Dyrektor Marcin Bajko pracował od roku 1999 w (nieistniejącym) Powiecie Warszawskim, którym rządzili wówczas ludzie tworzący później warszawską Platformę Obywatelską. Dotychczasowa linia obrony Hanny Gronkiewicz-Waltz, że Marcin Bajko był człowiekiem prof. Lecha Kaczyńskiego nie jest prawdą
—napisał Artur Stelmasiak na Facebooku, uderzając w linię obrony Hanny Gronkiewicz-Waltz, która odpowiedzialnością za nieprawidłowości reprywatyzacyjne obarcza urzędników, którzy mieli być zatrudnieni jeszcze przez Prawo i Sprawiedliwość.
Z tym, co mówi prezydent Warszawy nie zgadza się Stelmasiak, który naświetla faktyczną historię kariery zwolnionego dyscyplinarnie urzędnika.

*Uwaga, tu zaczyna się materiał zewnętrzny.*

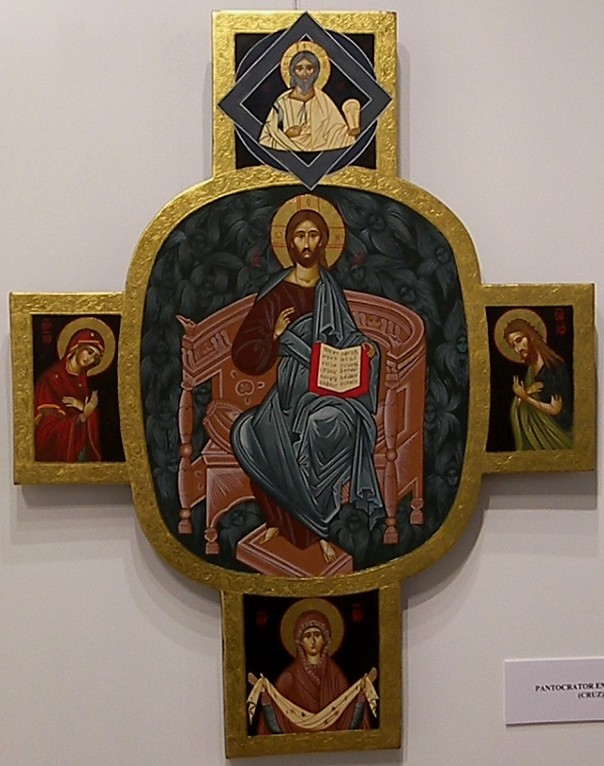 PANTOCRATOR EN ELTRONO(cruz) 78x60 800€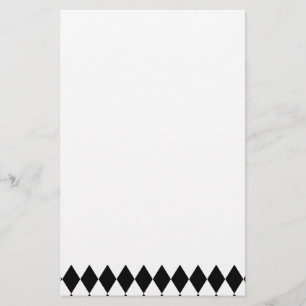 Harlequin Black and White Stationery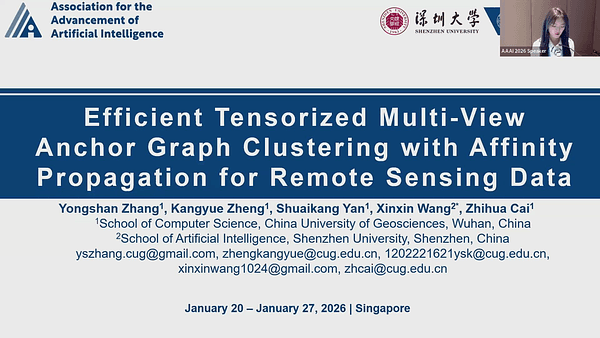 Efficient Tensorized Multi-View Anchor Graph Clustering with Affinity Propagation for Remote Sensing Data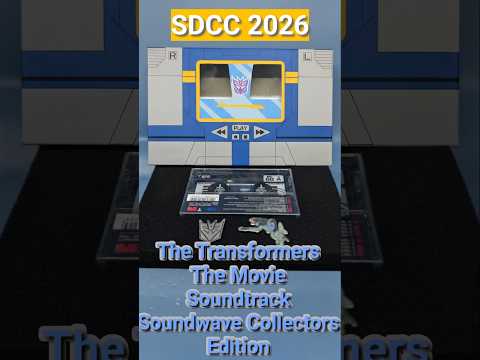 3 Minute Reviews #transformers #sdcc2026 #thetransformersthemovie #soundtrack #soundwave #ravage
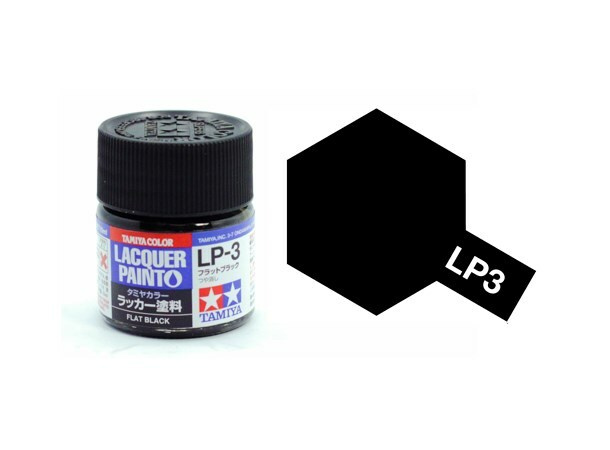 Tamiya TA82103 Lacquer Paints LP-3 /Flat Black/ 10ml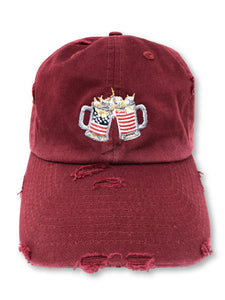 Maroon Cheers American Flag Hat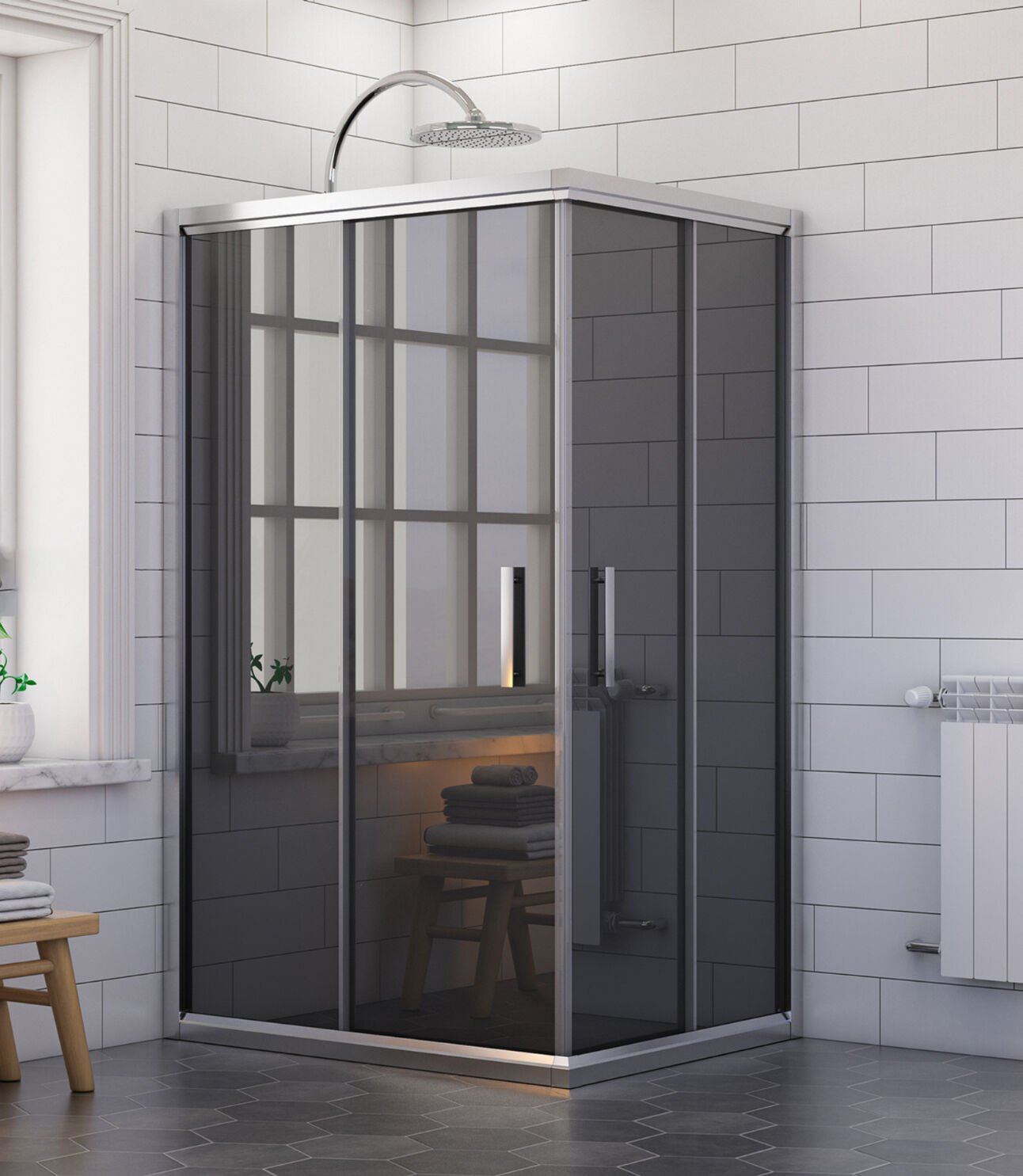 Nova Pure Dikdörtgen Duşakabin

Bajko przeszedł z całym biurem gospodarowania nieruchomościami, gdy zmieniano ustrój Warszawy w październiku 2002 roku. To wówczas skasowano Powiat Warszawski, którego kompetencje przejęło Miasto st. Warszawa. Podpisywanie nowych umów ratusza było tylko formalnością (oczywiście pewnie z jakimiś wyjątkami). (…) Marcin Bajko został wówczas przepisany do samorządu warszawskiego z powiatu, jako wicedyrektor. Stał się p.o. dyrektora dopiero po tym, gdy prezydent Warszawy prof. Lech Kaczyński zwolnił z pracy dyrektora Marka Kolarskiego. Przypomnę, że wywalił go za to, że bez wiedzy prezydenta Lecha Kaczyńskiego oddał działki przy alei Waszyngtona
—czytamy.
Przypomnijmy, że HGW wiele razy podkreślała, że administracja Lecha Kaczyńskiego również popełniała nieświadomie błędy podczas reprywatyzacji, z których miała się później wycofywać. Jednak skala nieścisłości w przypadku Ratusza jest tak duża, że linia obrony Gronkiewicz-Waltz, która twierdzi, że nic nie wiedziała, może jedynie budzić politowanie.
Ta informacja o sposobie pracy Lecha Kaczyńskiego powinna obalić całą linię obrony, którą Hanna Gronkiewicz-Waltz wykorzystuje w ostatnich dniach. Robiąc kozłem ofiarnym dyr. Bajkę, który de facto został zatrudniony przez ludzi Platformy… Ona oczywiście oskarża nieżyjącego Lecha Kaczyńskiego
—pisze Stelmasiak.
Wypieranie się winy i odpowiedzialności jest obraną od początku wybuchu afery strategią reprezentowaną przez Gronkiewicz-Waltz. Prezydent Miasta st. Warszawy jednak zapomniała, że nieżyjący bronić się nie mogą… Czy uderzy się w pierś? Wątpliwe. Dziś kolejny raz powtórzyła, że nie zamierza podać się dymisji.